South Dakota Governor Kristi Noem Visits Oregon ICE Office Alongside Right-Wing Figures
Kristi Noem, currently serving as the DHS secretary, visited the Immigration and Customs Enforcement (ICE) facility in Portland, Oregon on Tuesday. While there, she witnessed a modest demonstration outside, which contrasts sharply to the fiery "blockade" alleged by Donald Trump.
Joined by MAGA Personalities
Noem was joined by a trio of MAGA-aligned personalities who were whisked from the local airport to the facility in her security detail. DHS has recently produced more aggressive online posts depicting federal personnel conducting raids and deploying crowd control measures at demonstrators.
Gathering Outside
Local law enforcement cleared the street outside the ICE office in the Portland's waterfront district before the Noem's appearance. Several individuals, among them one in the outfit of a bird and another as a shark, were kept at a distance.
A song was audible from a gathering spot down the street, with a refrain about Trump and controversial documents. One protester yelled to a official camera operator recording from the roof, questioning whether the DHS had been referred to as the "information ministry".
Reporting Details
Members of the press from independent media organizations were also held behind the police line outside, while the partisan influencers in her party—three right-wing influencers—shared online posts of the secretary leading federal agents in religious observance inside, offering a motivational speech, and telling a member of the Oregon National Guard to "Get ready".
Legal and Political Context
Governor Noem has previously echoed the president’s assertions that the small band of protesters—who have assembled in their limited groups outside the site since recent months, including one in an inflatable frog costume—are "terrorists" who have placed the facility "under siege", making the use of federal troops critical.
But, on last weekend, a court official in Oregon prevented the former president's effort to nationalize Oregon’s National Guard, stating that the his assertions that the generally nonviolent city was "in flames" were "without evidence".
The next day, the judge, the magistrate—who was nominated to the bench by Donald Trump—expanded her order to block National Guard troops from other states from being deployed in Oregon. This occurred after Trump answered to her initial ruling by seeking to send members of the another state's militia to the state.
Escalating Tensions
Following Trump focused on the limited yet ongoing protest outside the office and made inaccurate statements that Portland is "in a state of war", a growing number of his supporters, including right-wing figures, have appeared to challenge the demonstrators.
Some of these clashes have led to fights and brawls, resulting in detentions by the Portland police. Nick Sortor was one of those detained after he tried to force his way a protest encampment on a walkway near the office and was engaged in a fight over an American flag. Sortor had previously removed the flag from a individual who was burning it.

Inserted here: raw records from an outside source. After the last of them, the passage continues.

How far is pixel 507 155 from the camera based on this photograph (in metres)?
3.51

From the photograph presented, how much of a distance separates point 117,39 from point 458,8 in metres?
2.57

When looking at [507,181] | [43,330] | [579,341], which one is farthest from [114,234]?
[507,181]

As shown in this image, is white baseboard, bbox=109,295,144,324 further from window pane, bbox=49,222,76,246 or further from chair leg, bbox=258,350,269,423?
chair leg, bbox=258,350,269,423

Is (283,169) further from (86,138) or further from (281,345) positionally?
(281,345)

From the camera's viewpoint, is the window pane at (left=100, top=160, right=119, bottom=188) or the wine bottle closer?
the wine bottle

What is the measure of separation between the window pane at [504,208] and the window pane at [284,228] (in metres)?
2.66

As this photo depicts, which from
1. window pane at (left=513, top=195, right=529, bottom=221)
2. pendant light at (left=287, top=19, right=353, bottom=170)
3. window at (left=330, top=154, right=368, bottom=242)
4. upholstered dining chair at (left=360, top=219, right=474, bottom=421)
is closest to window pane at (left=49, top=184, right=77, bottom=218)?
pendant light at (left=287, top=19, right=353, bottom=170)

Legal accusations against Sortor were later dropped after an backlash in partisan press induced the chief of the civil rights division of the Department of Justice, the division head, to threaten an investigation of the law enforcement agency over claimed partisan treatment.
Two individuals Sortor was involved in an altercation with still have pending accusations.
Official Responses
Recently, the state's governor, she, claimed federal officers in the site of trying to irritate the demonstrators by using unnecessary levels of chemical irritants in a residential neighborhood and bringing in conservative social media influencers to document the protesters from the top of the site. "Their actions are meant to provoke," she commented.
Three of those right-wing personalities were referred to in a police report last month as "opposing demonstrators" who "repeatedly come back and harass the individuals until they are confronted or subjected to spray" and decline "frequent warnings from police to avoid" the protesters.
Social Media Updates
A conservative personality, a previous media worker who reinvented himself as a right-wing commentator after being dismissed from a media outlet for ethical violations, shared a clip of Governor Noem looking down from the upper level of the site at the handful of individuals below, including an individual who wears a bird outfit to ridicule Donald Trump. He captioned the footage of the secretary inspecting the calm environment below: "Governor Noem faces off against radicals and a chicken-clad individual".
Regardless of the difference between the allegations from the former president and the secretary that this site is "under siege" from "homegrown extremists" and visible proof of a handful of individuals in non-threatening attire, the influencers with her continued to refer to the demonstrators as threatening extremists.
Discussion with Law Enforcement
During her visit, Governor Noem also met with the law enforcement head, the chief, who has been portrayed as "politically correct" in partisan press for authorizing his personnel to arrest Sortor. In a digital announcement on the engagement, the influencer asserted that the police head had "aligned with violent ANTIFA militants assaulting journalists and officers outside ICE facility".
The secretary's convoy then left the site past a small group of individuals on the street outside, including one wearing a animal wearing a hat.